The next stage involves the fan trainer. Wearing a harness connected to a cable wound round a drum fitted with fan blades, trainees jump from a platform located near the roof of the hangar; as they fall, their rate of descent is controlled to simulate that of a parachute.

Subsequently, trainees carry out their first descent from the side door of a A400M Atlas or rear of a Skyvan carrying their Parachute Equipment Load, a weighted backpack that is carried fixed to the front of the harness. Once exited, and under a fully inflated canopy, this is lowered on a 15ft rope below the parachutist. Their second descent adds a weapon and Parachutist Life Preserver, to be inflated if landing in water, and the third adds body armour. This is followed by a fourth descent with all equipment at night.

==Parachute Badge==
On successful completion of their four descents, trainees are presented with their 'wings' by the Officer Commanding Airborne Delivery Wing, and return to their units as qualified parachutists.

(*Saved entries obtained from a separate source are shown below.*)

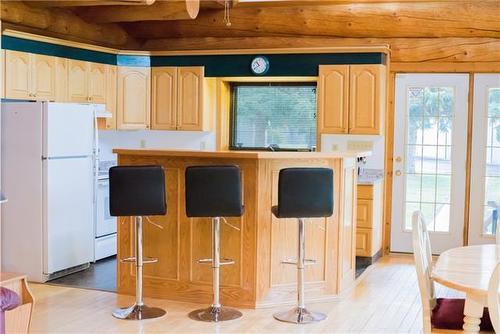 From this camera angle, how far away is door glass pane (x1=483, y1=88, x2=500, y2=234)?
6898mm

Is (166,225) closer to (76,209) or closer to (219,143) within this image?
(76,209)

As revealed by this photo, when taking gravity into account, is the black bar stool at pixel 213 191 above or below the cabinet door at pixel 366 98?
below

Reservists conduct the same training as their Regular counterparts on the same three week course in order to be awarded their Parachutist wings.

== History ==
In the past, ground training concluded with the exit trainer, designed to simulate the effect of slipstream as the parachutist exits the aircraft. The trainer consisted of a wooden cabin, mounted on a structure of girders, equipped with doors representing those on the port and starboard side of the Hercules. On either side cables ran from above the trainer to a point near the ground some 55 yards away. Wearing harnesses suspended from them, trainees jumped from the trainer and traveled the length of the cables in a gradual descent towards the ground, where their progress is arrested by an instructor.

Until the late 1990s, the first parachute descent was from a balloon at the dropping zone at Weston-on-the-Green; this has since been phased out. It was carried out from a height of 800ft (244m) in what is known as "clean fatigue" - without equipment.

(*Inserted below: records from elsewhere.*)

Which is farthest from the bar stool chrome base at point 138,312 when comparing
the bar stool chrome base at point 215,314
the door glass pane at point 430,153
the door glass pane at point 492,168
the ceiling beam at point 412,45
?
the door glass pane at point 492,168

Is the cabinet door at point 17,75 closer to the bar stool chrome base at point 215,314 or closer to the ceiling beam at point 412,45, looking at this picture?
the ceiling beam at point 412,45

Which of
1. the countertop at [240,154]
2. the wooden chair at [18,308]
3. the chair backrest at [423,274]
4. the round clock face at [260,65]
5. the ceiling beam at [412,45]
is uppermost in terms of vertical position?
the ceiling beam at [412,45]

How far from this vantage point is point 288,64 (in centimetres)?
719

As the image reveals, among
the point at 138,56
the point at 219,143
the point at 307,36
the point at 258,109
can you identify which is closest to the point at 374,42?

Eight descents used to be carried out in total instead of four today. Trainees performed their first descent from a C-130 Hercules in single 'sticks' of six without equipment from one door of the aircraft. Their second descent was again in 'clean fatigue', in single 'sticks' of eight or ten. Trainees then make their third descent, jumping in simultaneous 'sticks' of six from both sides of a Hercules. This was followed by a night descent without equipment. Thereafter, descents were made with equipment, initially in a single 'stick' of six, subsequently in simultaneous 'sticks' of eight or ten and finally in the maximum size of 'stick' possible, depending upon the number of personnel on the course.

The historical course for members of Army Reserve units and Royal Marines Reserve lasted only two weeks, and trainees were required to complete only seven descents without one at night. Before taking the course, however, they had to undergo a considerable amount of synthetic training to enable them to be of a sufficient standard to carry out their balloon descent and their first aircraft descent by the end of the first week at Brize Norton. The rest of their descents are carried out during the second week of the course.

In 2020, Captain Rosie Wild, the first female to pass the All Arms Pre-Parachute Selection Course (P Company), passed the BPC to wear the Wings badge.